Ele fez tudo isso de uma maneira que parecia demonstrar uma compreensão de campos distintos como política, física, história, ciência da computação, medicina e filosofia, combinando seu conhecimento. “Todas as coisas que eu pensava que ele não seria capaz de fazer? Ele certamente foi capaz de fazer muitas delas — se não a maioria delas”, disse Bubeck.

Repercussão

Alguns especialistas em IA viram o artigo da Microsoft como um esforço oportunista para fazer grandes afirmações sobre uma tecnologia que ninguém entendia bem. Os pesquisadores também argumentam que a inteligência geral requer familiaridade com o mundo físico, que o GPT-4, em teoria, não possui.
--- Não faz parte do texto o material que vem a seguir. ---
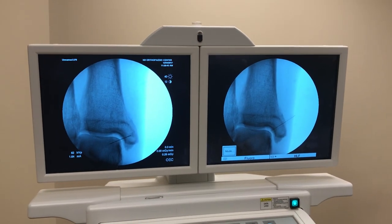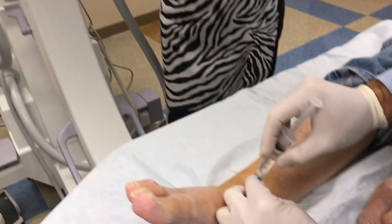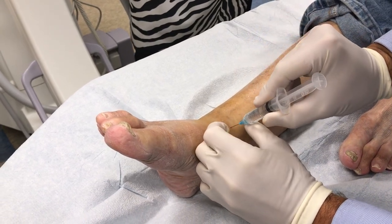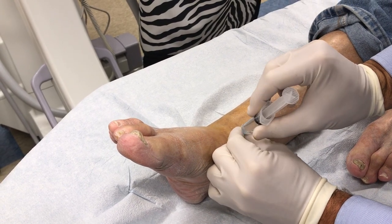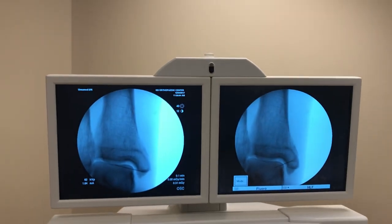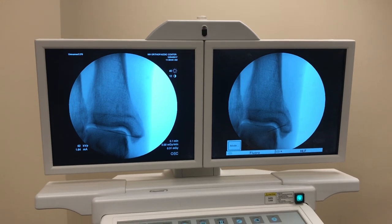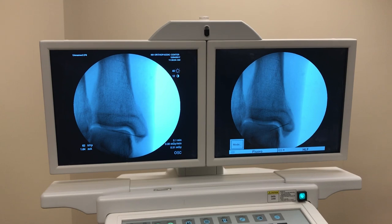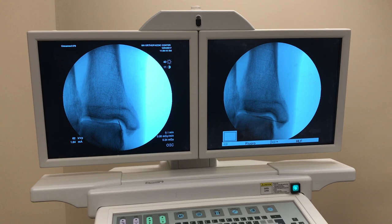I can see I'm too distal there, so I'm going to move my needle proximal. I'm going to straighten that out just a little bit — there's a bit of an angle there, so I'll straighten that out. X-ray there — that's better.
“‘Fagulhas da AGI’ é um exemplo de algumas dessas grandes empresas cooptando o formato de artigo de pesquisa para propostas de RP”, disse Maarten Sap, pesquisador e professor da Universidade Carnegie Mellon. “Eles literalmente reconhecem na introdução do seu artigo que a sua abordagem é subjetiva e informal e pode não satisfazer os rigorosos padrões de avaliação científica.” Bubeck e Lee disseram que não tinham certeza de como descrever o comportamento do sistema e finalmente escolheram “Fagulhas de AGI” porque pensaram que isso capturaria a imaginação de outros pesquisadores.

Alison Gopnik, professora de psicologia que faz parte do grupo de pesquisa em IA na Universidade da Califórnia, Berkeley, disse que sistemas como o GPT-4 sem dúvida são poderosos, mas não está claro que o texto gerado por esses sistemas seja o resultado de algo parecido com o raciocínio humano ou senso comum.

“Quando vemos um sistema ou máquina complicada, nós a antropomorfizamos; todo mundo faz isso — pessoas que estão trabalhando na área e pessoas que não estão”, disse Gopnik. “Mas pensar nisso como uma constante comparação entre IA e humanos, como uma espécie de competição de game show, simplesmente não é a maneira correta de pensar sobre isso.”